Door-to-Door Sales Techniques (or lack thereof)
I’ve noticed an increase (as predicted) in door-to-door sales over the past six months. As a small business owner and a consultant that works with companies to improve sales performance, you’d think I’d be really supportive of these guys. Instead, I have recently posted a “No Solicitors” sign over my door (which every salesperson chooses to ignore). So, why am I not supporting door-to-door sales? Because somebody is failing to train these people before they hit the street. OR, they’re training them really badly. Here’s a typical interaction:
Comes through the door, looking hesitant and generally sweaty.
“Hello?” the salesperson yells out if no one is at the front of the office.
“May I help you?” somebody in the office says.
“Yes, um, this is Bob (points to his mutually sweaty and oddly mute partner) and we are, um, with the Yellow Pages and are just going into businesses to see if you’re interested in any advertising with us because we, um, we have a special this month.”
“No thank you. We already have an ad in the Yellow Pages.”
“Okay – I’ll leave my card . . . .” (stands there awkwardly as if waiting for permission to leave)
“Okay, we’ve got your card. Thank you.”
“Do you have a card?” he asks awkwardly.
“Sure, here you go. Thanks . . .”
He turns quickly leaving Bob who isn’t sure what to do and finally shakes my hand, smiles, and stumbles out after his partner.
Here’s what’s door-to-door salespeople need to know about Small Business owners:
1. We have pride in our companies and don’t want them to smell like sweat. Wipe off your sweat before you come in the door.
2. Small business owners are busy. Let us know, immediately, how much time this visit will take. Better yet, schedule an appointment on another day and come back. We don’t really appreciate the interruption.

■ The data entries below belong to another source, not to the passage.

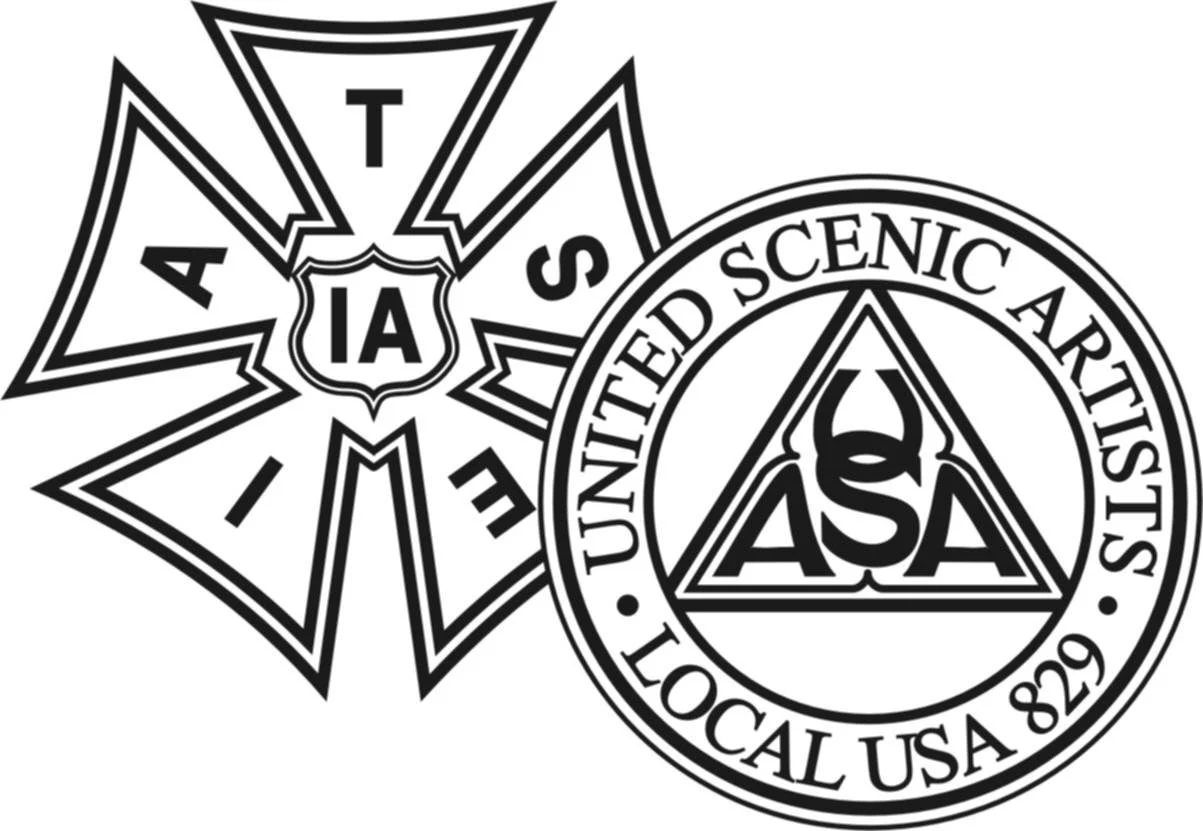 Black and white emblem of the United Scaled Artists local 829, featuring a circular design with the organization's name and a pentagram with the letters ASA and a flame, along with a star-shaped badge with the letters 1A, 1, and 4.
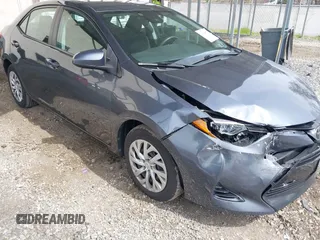 2019 Toyota Corolla L with VIN 2T1BURHE6KC125269, listed as a IAAI auction lot 42082877 with 106,308 mi miles. Bid and sale history available at carsss.com. Image 1.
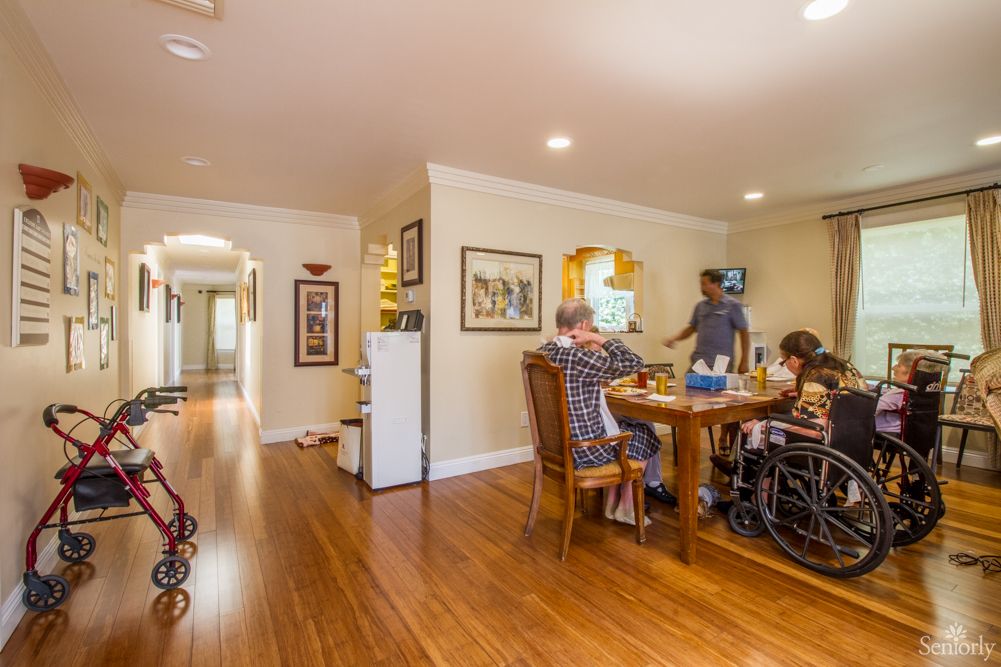 A family gathering in a cozy dining room, with some members in wheelchairs around the table.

3. Speak up for Heaven’s sake. A fumbling entry makes you want to push the salesperson right back out the door. Come in with patience, with a smile, with your card, and with an immediate benefit.
4. There’s no need to have a partner that just stands there. It makes us small business owners nervous.
Script: Hi, I’m John and this is my partner Bob. I know you’re busy, so let me quickly tell you why we’re here and see if there’s a good time to set up a 10 minute appointment. We’re with the Yellow Pages, and are saving current customers money with a discount that can apply to your current advertising. The meeting will take 10 minutes tops. Is there a time that’s more convenient for you?
Use this technique and I might let you in. Otherwise, I’m locking my doors and you only get in if you have a pizza in hand.